Bobby brings up an interesting point. Some criticize people who accept orthodox views willy nilly without truly examining them. This is legitimate. Furthermore, we should approach everything with humility, never thinking that we have a complete grasp of the truth, since even what is seen as orthodox has changed through the years. Also true.

My question is (which I’ve asked many times before), how come people don’t apply these same standards to science?
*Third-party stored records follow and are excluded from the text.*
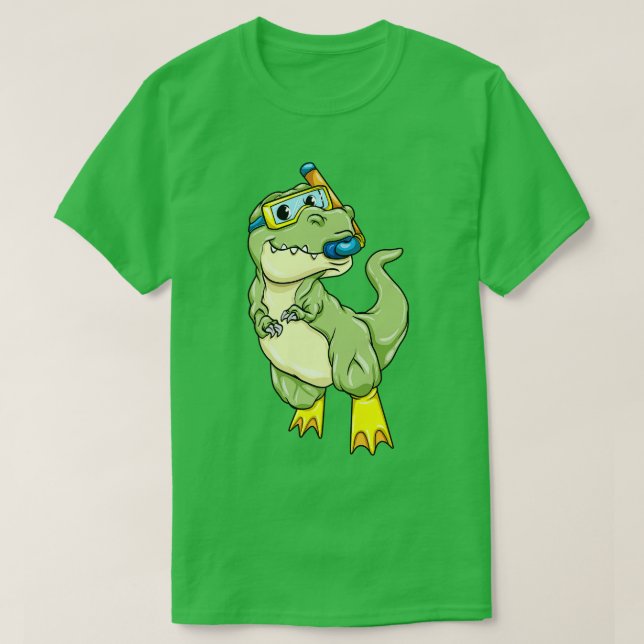 Dinosaurier vid dykning med simmande glasögon t shirt (Design framsida)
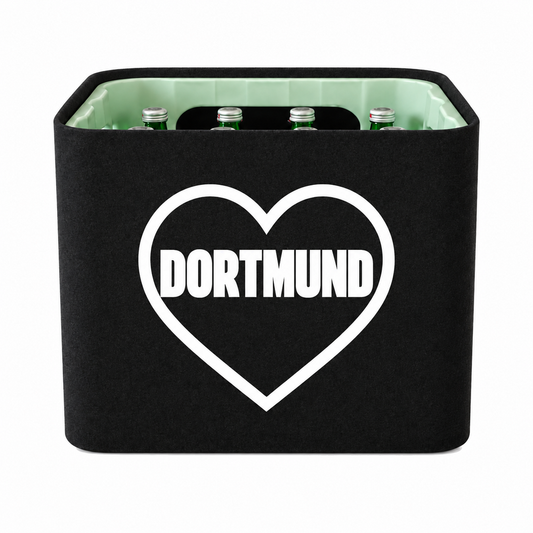 KistenBlende Dortmund Stadt mit Herz auf Wasserkiste Glas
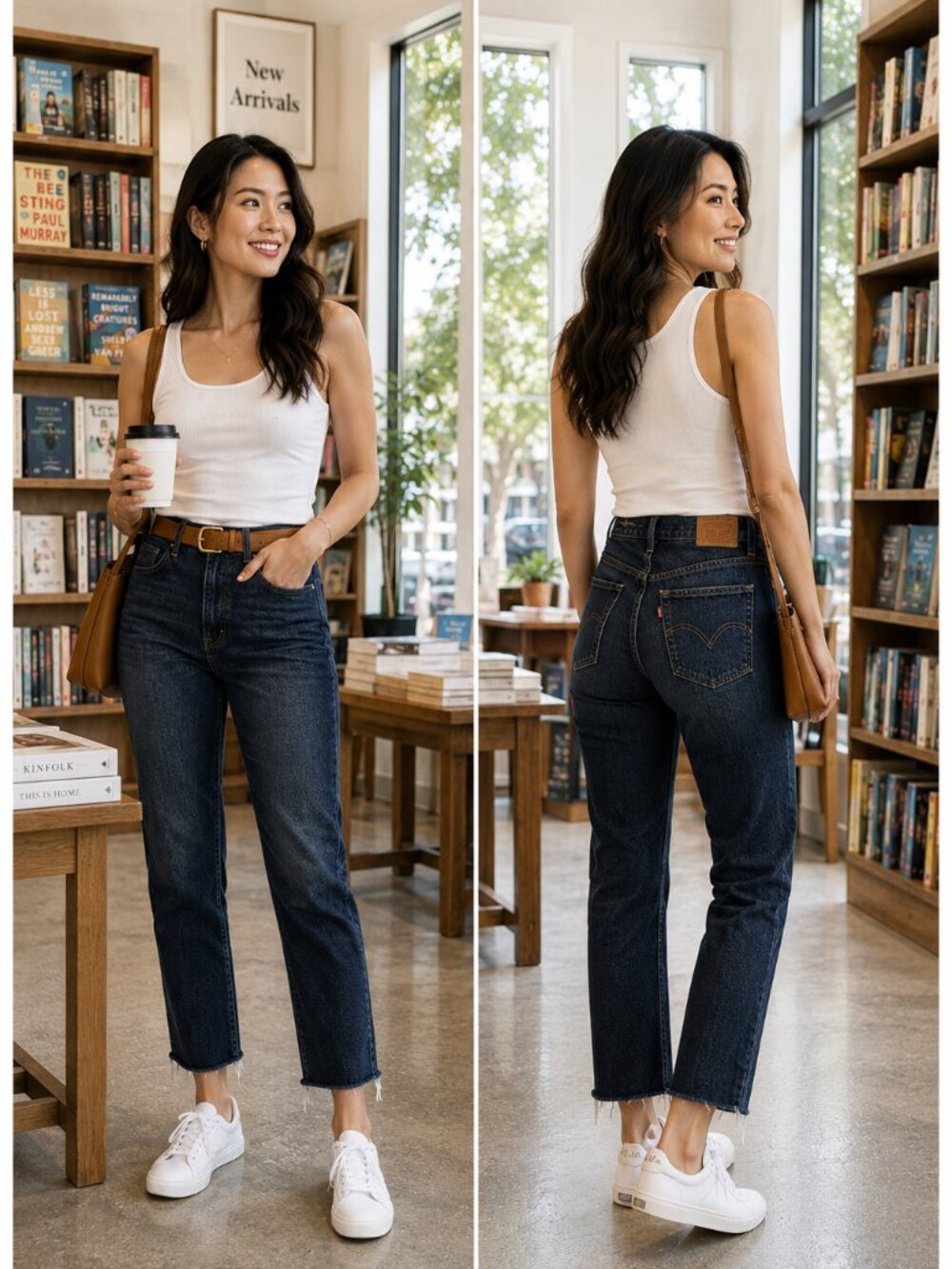 Levi's Premium Wedgie Straight Jeans Dark Wash Raw Hem Women's 26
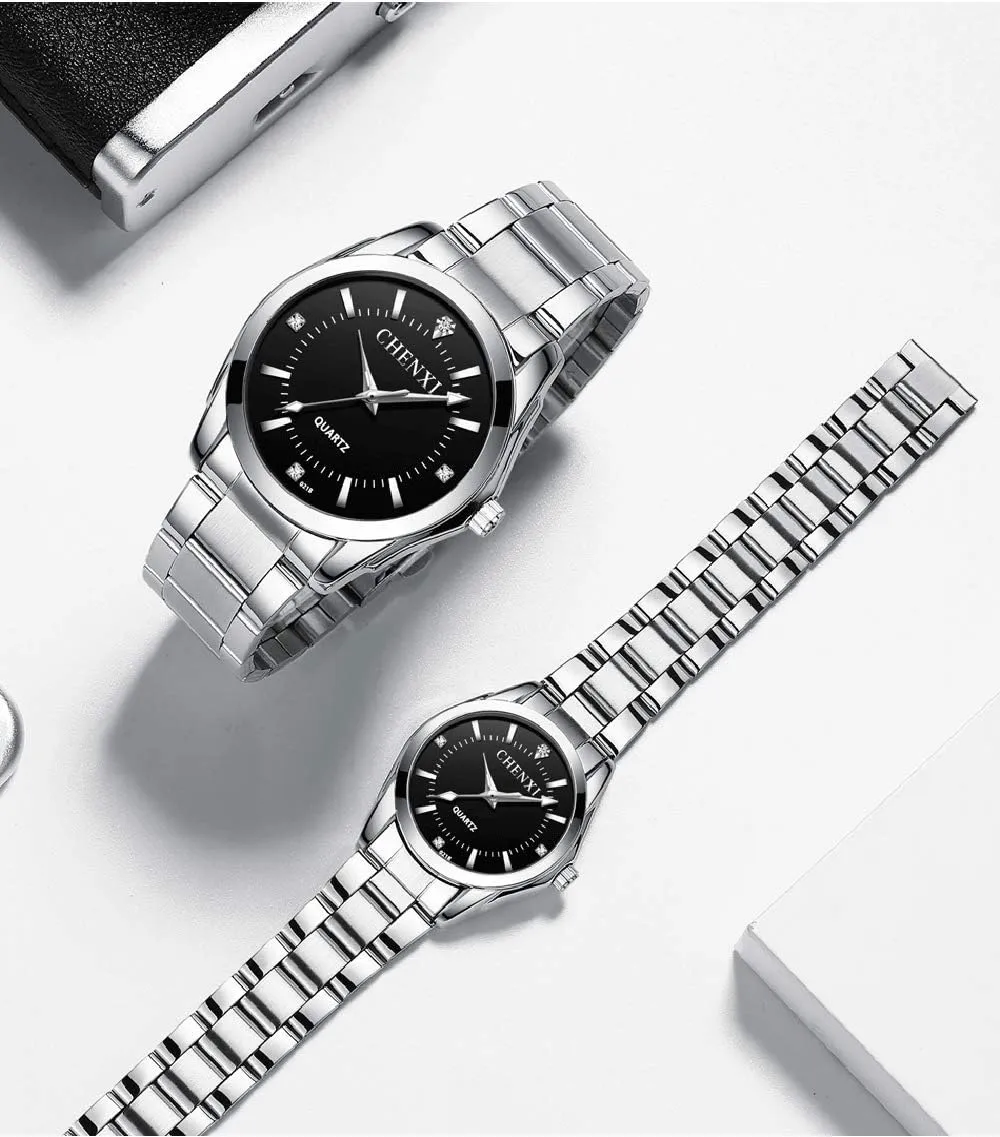 Hers Waterproof Quartz Watch?? varnish monetary bind MASTOP Couple Watches Classic Golden Stainless Steel Watch His and 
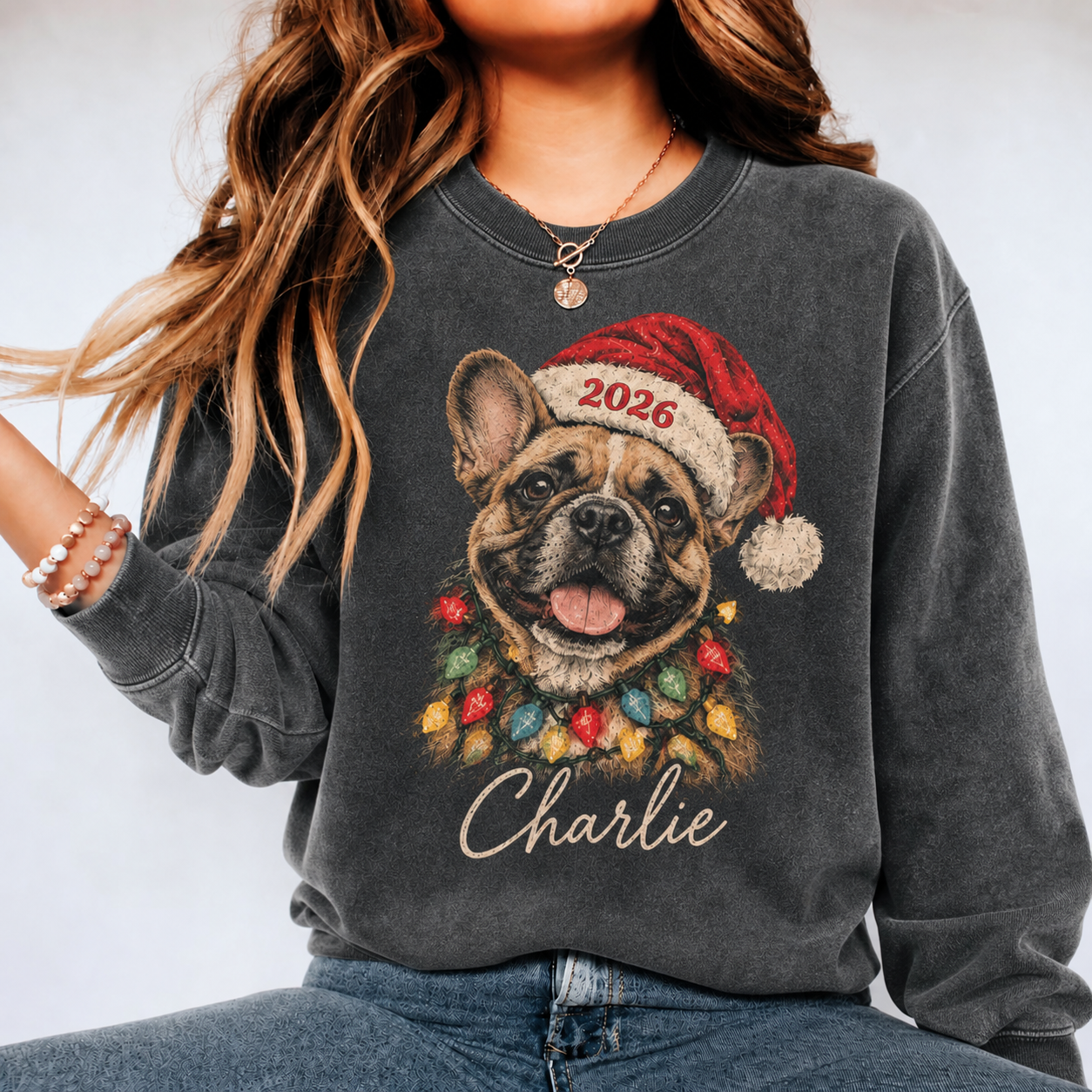 Personalized Pet Portrait Christmas Washed Sweatshirt – A Heartwarming Christmas Gift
The same modern society that embraces pluralism seems to treat science as an ultimate truth. But while what’s considered orthodox in Christianity has changed a bit through the years, what’s considered scientific truth has changed relatively drastically.

We see it all the time in like medicine. For years, they say hormone replacement therapy for menopausal women is good. Now they say whoops, it’s actually bad. The exact opposite. Everyone says sun exposure is bad for you. Now some doctors think there’s a national Vitamin-D deficiency problem because people don’t get enough sun. I’m not making this up.

More fundamentally, looking at something like the concept of gravity, Aristotle has a theory of gravity. It’s completely replaced with Newton’s theories of gravity. Which are completely replaced by Einstein’s theories. Each scientific theory that came before was shown to be completely wrong, thoroughly replaced. That’s the nature of scientific progress. The big breakthroughs are revolutionary, not incremental. They replace and invalidate old theories, instead of building on them.

That being the case, why does society blindly trust in the current scientific theories while questioning orthodoxy? Shouldn’t society approach science with at least as much hesitation and humility as it would religious orthodoxy? I dunno, I just firmly believe that modern society is wholly logically inconsistent, and most people haven’t thought about things enough to realize this. But that’s just my opinion.